= Task objective =
Beneath this task are the entries; from the line with "Omicron New SARS" through the last one, transcribe every line exactly and nothing else, skipping pictures.

● ● ● ● ●

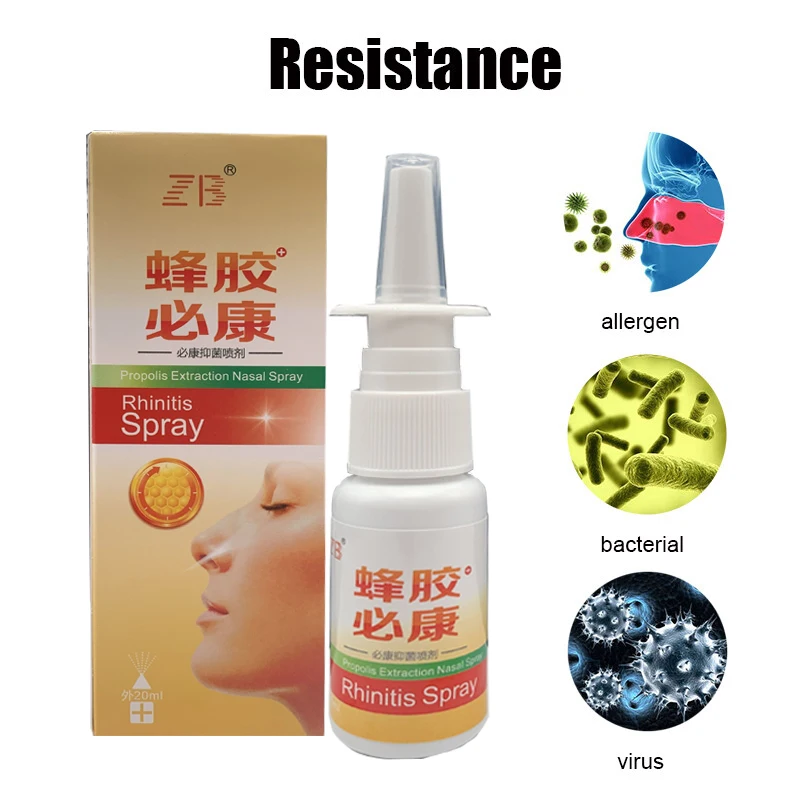 20ML Propolis Nasal Sprays Antibacterial Treatment Chronic Allergic Seasonal Rhinitis Sinusitis Nose Care Anti-Snore Apparatus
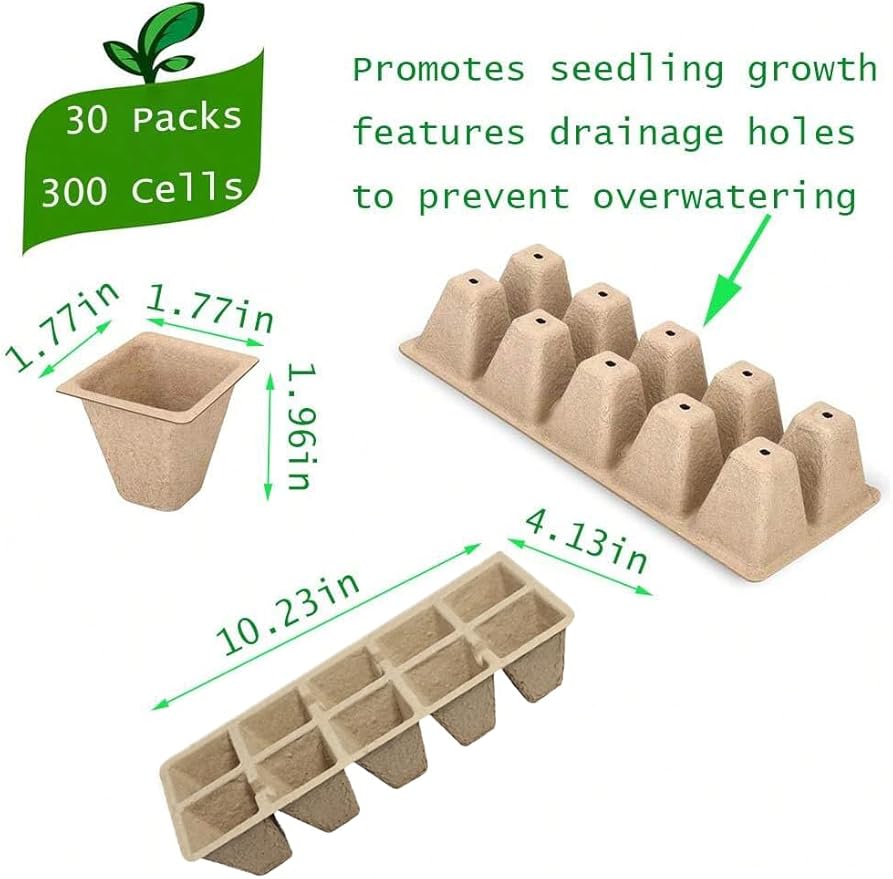 VENTVGAIN 300 Cells Peat Pots Seed Starter Tray 30 Packs Biodegradable Seedling Pots Germination Trays Peat Pot for Seedling Organic Seed Starting Trays kit with (30 packs-300cells)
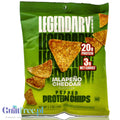 Legendary Popped Protein Chips, Jalapeno Cheddar - Spicy Protein Chips 20g protein, Cheese & Pepper flavor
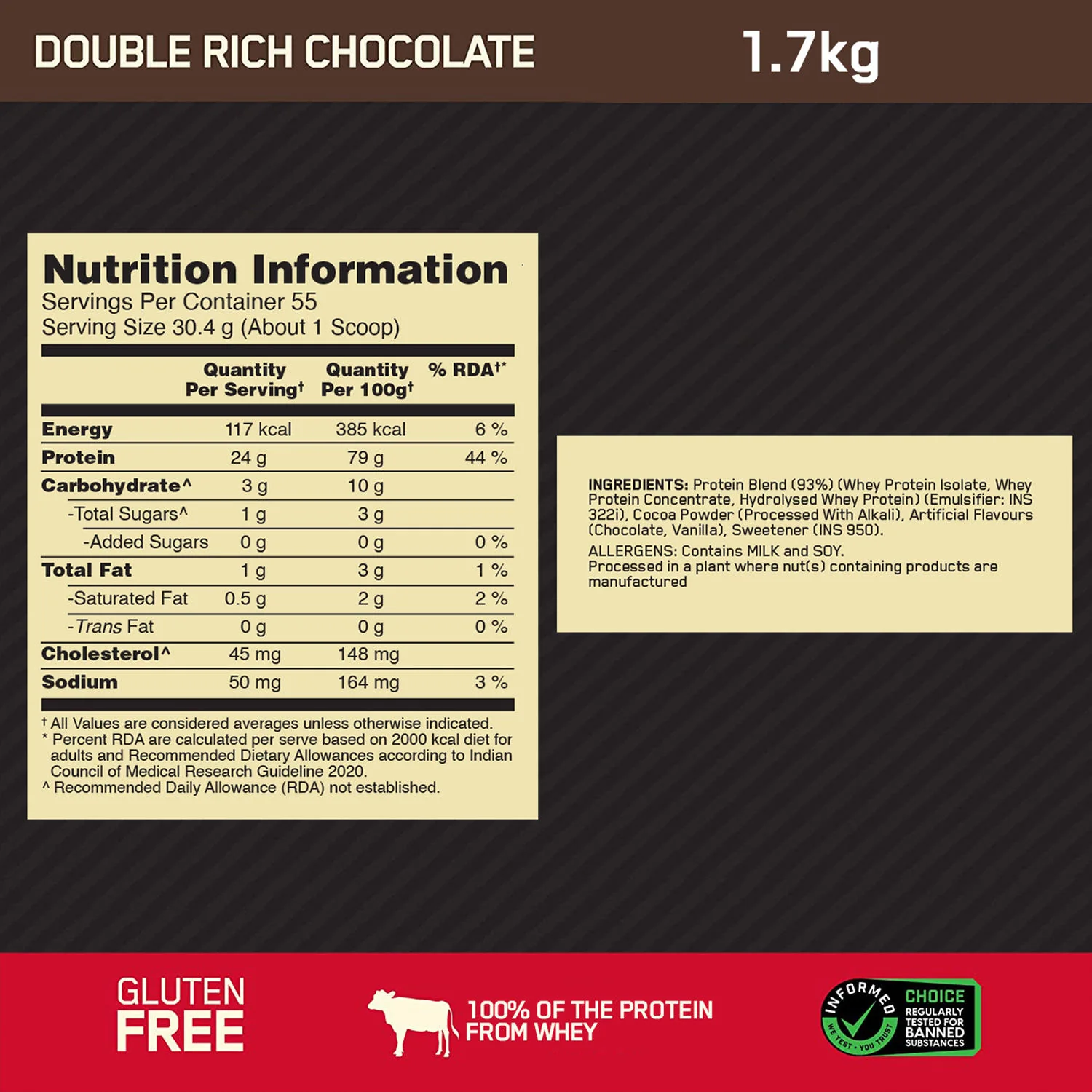 Gold Standard 100% Whey Protein Powder Double Rich Chocolate 1.7 kg + Pre Workout Green Apple - Image 10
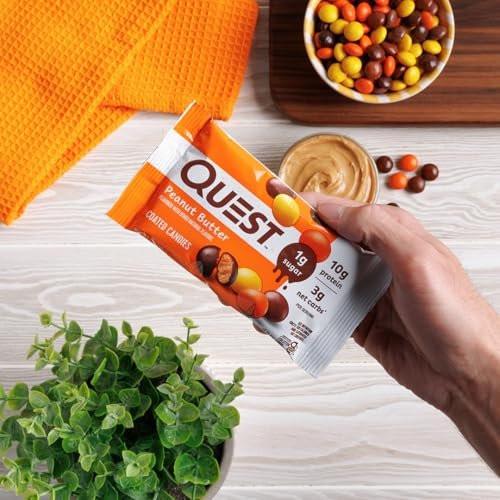 Quest Nutrition überzogene Bonbons, Erdnussbutter, 1 g Zucker, 10 g Protein, 4 g Netto-Kohlenhydrate, glutenfrei, keto-freundlich, 4er-Pack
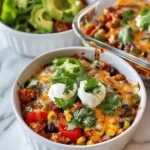 High-Protein Chicken Cottage Cheese Enchilada Bowls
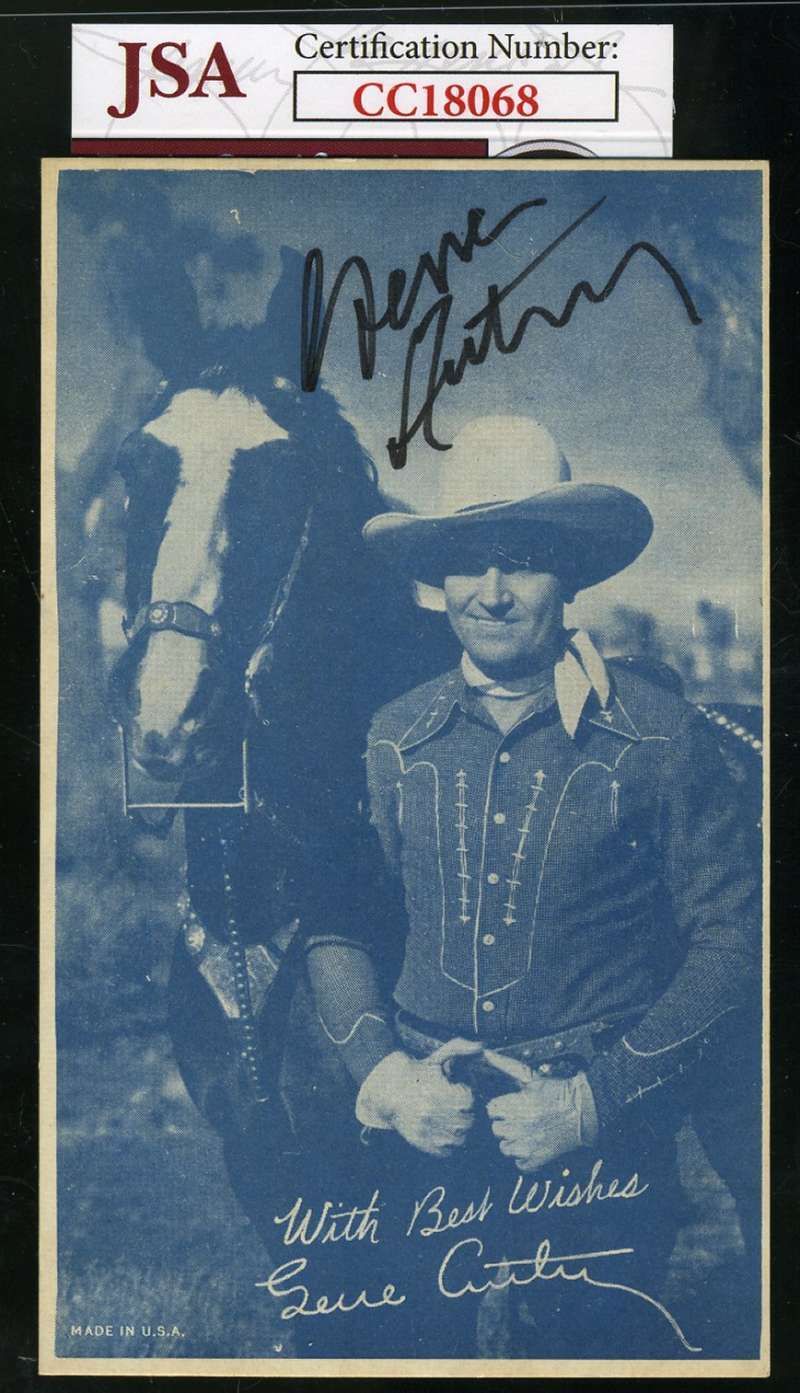 Gene Autry Jsa Coa Autograph Vintage Photo Poster painting Exhibit Hand Signed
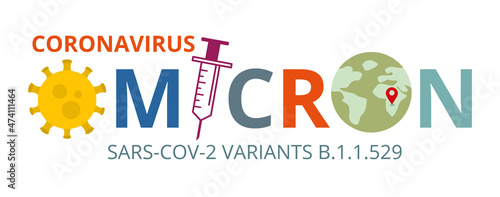 Omicron New SARS Mutation Variant B.1.1.529 Concept. Public Health Risk. Fight Against Coronavirus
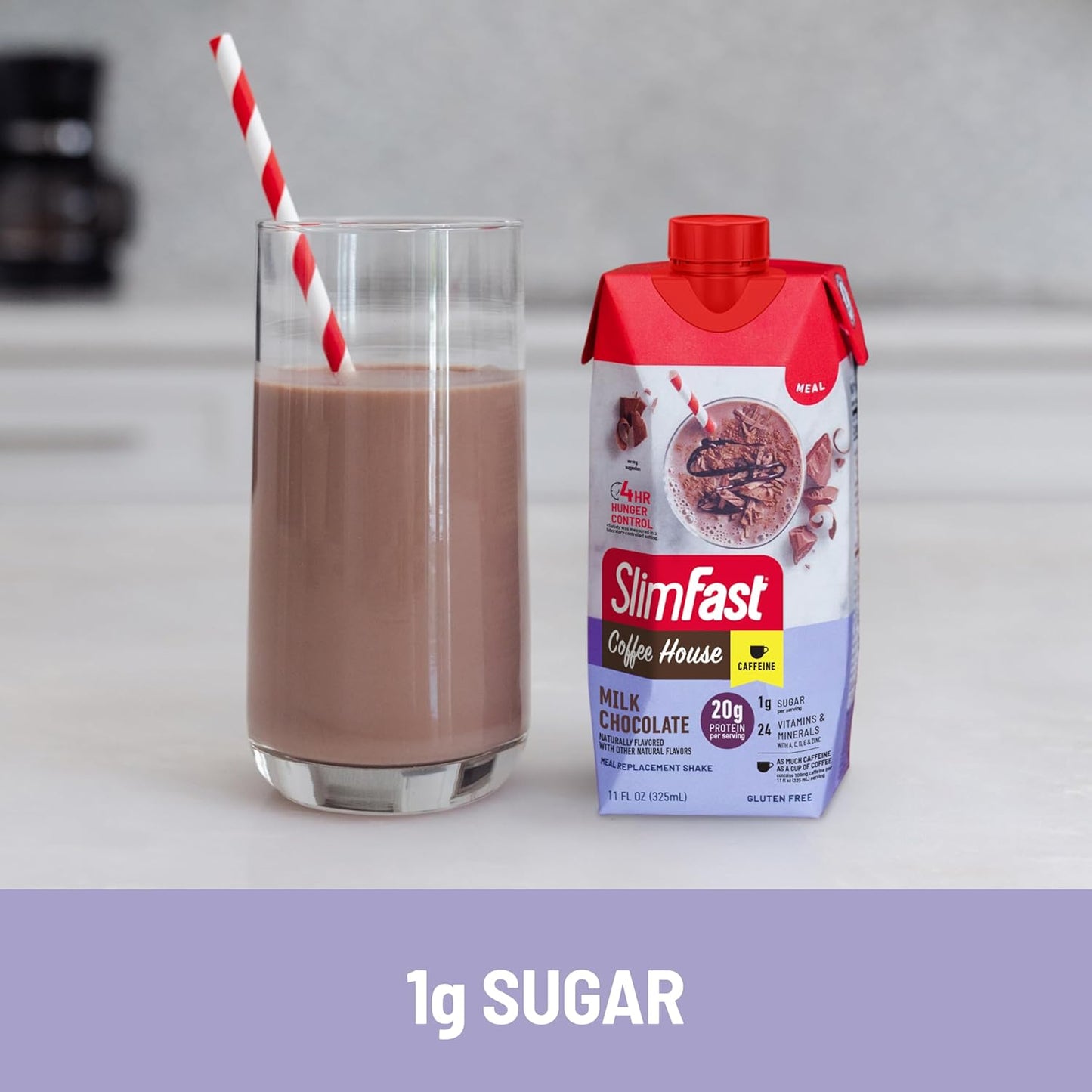 High Protein Meal Replacement Shake - SlimFast Milk Chocolate Shake with 20g Protein, Low Carb, Low Sugar, 24 Vitamins and Minerals - 11 Fl Oz Ready to Drink (Pack of 12)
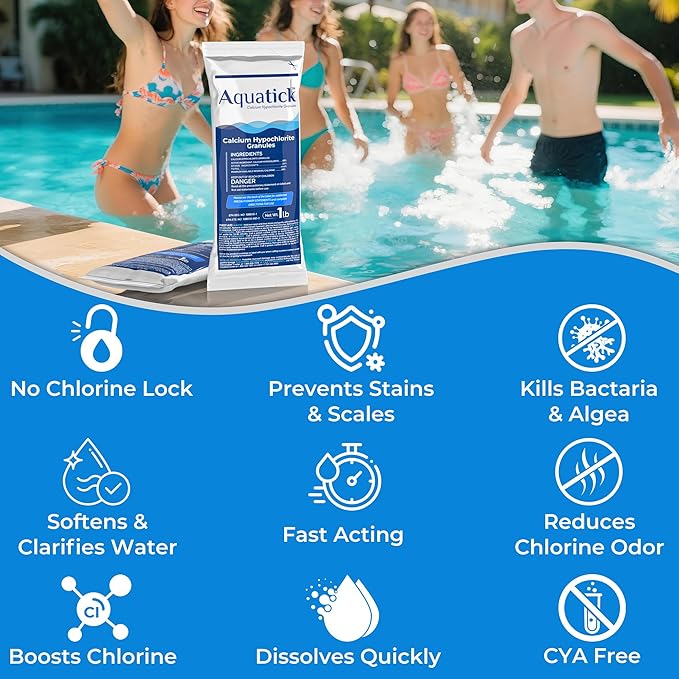 Pro-Grade Chlorine Pool Shock, 68% Cal-Hypo Granular Sanitizer, Prevents Bacteria & Algae, Restores Crystal Clear Water - Shock Treatment, Swimming Pool Chemical - 1lb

● ● ● ● ●

= Reply to the task =
 Omicron New SARS Mutation Variant B.1.1.529 Concept. Public Health Risk. Fight Against Coronavirus
 High Protein Meal Replacement Shake - SlimFast Milk Chocolate Shake with 20g Protein, Low Carb, Low Sugar, 24 Vitamins and Minerals - 11 Fl Oz Ready to Drink (Pack of 12)
 Pro-Grade Chlorine Pool Shock, 68% Cal-Hypo Granular Sanitizer, Prevents Bacteria & Algae, Restores Crystal Clear Water - Shock Treatment, Swimming Pool Chemical - 1lb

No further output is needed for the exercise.